Se cerchi di osservare la gabbia per dissolverla lo fai perché pensi che sia tua. E nel pensarlo la mantieni, mantieni l’illusione di quell’immaginario uccellino imprigionato.  Potresti lavorare 40 anni sul tuo ego, se pensi che sia tuo non si dissolverà mai. Ma sparisce in un istante l’idea che quella costruzione mentale sia tua quando cogli che ne sei solo il testimone, non il padrone.

Se la gabbia non sembra mentale ma fisica la situazione non cambia di molto. Il mondo che appare attorno a te, in realtà appare IN te. Guarda bene. Il corpo appare nella stanza, a Palermo etc…. ma tu dove sei rispetto a queste cose? Sei nella stanza oppure sei qualcosa che sta osservando attraverso il corpo la stanza? Quell’apparizione e quelle condizioni fisiche sono solo il riflesso di qualcosa che accade nella tua stessa Coscienza. Non sai come e non importa che tu lo sappia, ma il sogno della Vita così come essa appare è il riflesso di quello che sei. Appare come riflesso della tua vera natura,  di come conosci te stesso o di come ignori chi sei.

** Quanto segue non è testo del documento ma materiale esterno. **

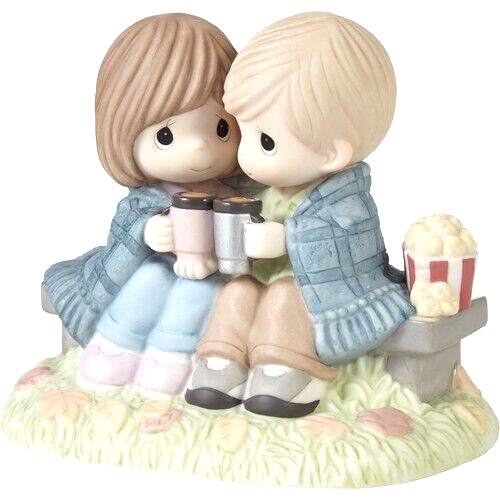 ღ New PRECIOUS MOMENTS Figurine I'M WRAPPED IN YOUR LOVE Popcorn Camping Coffee - Picture 3 of 6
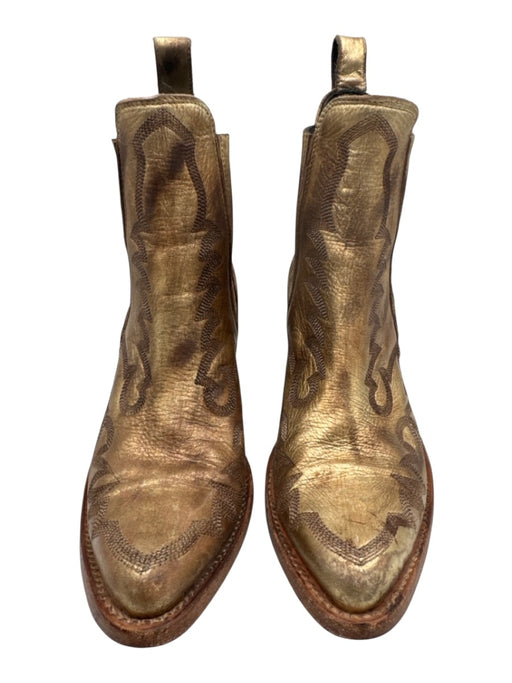 Old Gringo Shoe Size 7 Gold Leather Metallic Stacked Block Heel Booties Gold / 7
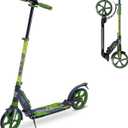 Skidee Adult & Teen Scooter Adjustable Height, Folding, Large Wheels, Lightweight, Durable, Anti-Shock Suspension, Up to 220 lbs (Python Green)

Se vivi in modo inconscio il mondo attorno a te rifletterà questo perché NON è separato da te. Se vivi in modo conscio rispetto a chi sei chiunque o persino qualunque cosa tu incontri si rifletteranno in questa luce.
Non cercare di cambiare le tue condizioni esterne partendo dall’idea che tu sia al centro di esse. Se accade questo, e non puoi impedirlo se avviene, alla fine ti sentirai solo frustrato dell’inutilità di questi tentativi. Come recita il Tao Tse Ching “Il non-agire e il non-volere fanno cedere ogni porta. È attenendosi costantemente al non-agire che ci si assicura la sovranità. Non la si ottiene appena ci si dà all’agire”. La sovranità di cui parla è diventare consci del fatto che ciò che sogna il sogno della Vita non è quel personaggio che pensi di interpretare, ma  la Consapevolezza Vuota che testimonia l’intera scena.

Resta presente a quel senso di prigionia. In realtà quella sofferenza che senti è il rompersi dell’illusione, se essa non è contrastata attraverso strategie della mente (inclusi i tentativi dell’ego di manipolare osservando quello che accade) allora quell’illusione si scioglie da sola. Soffri proprio perché ti senti separato e questa sensazione è lo spezzarsi di quella illusione. Il fatto stesso che tu ne sia conscio è sufficiente, mentre quando cerchi di uscirne come se fosse qualcosa di tuo rafforzi il senso di separazione, e quindi l’ego.

Lascia che i pensieri siano tali e che la situazione si presenti come già è, se ti è possibile. Resta in ascolto, stai guardando tutto questo da un luogo dove sei GIA’ libero. Il riconoscimento di questo fatto è ciò che trasforma le cose, mentre l’idea che tu le debba risolvere è quello che le tiene in piedi.

Se puoi, resta in ascolto. Accade da sé un momento in cui diventi così curioso di questo ascoltare che la mente psicologica, l’ego, diventa così lontana e poco interessante che la noti appena. Non sai bene se c’è, né ti interessa. Ti stai godendo il blu del cielo.”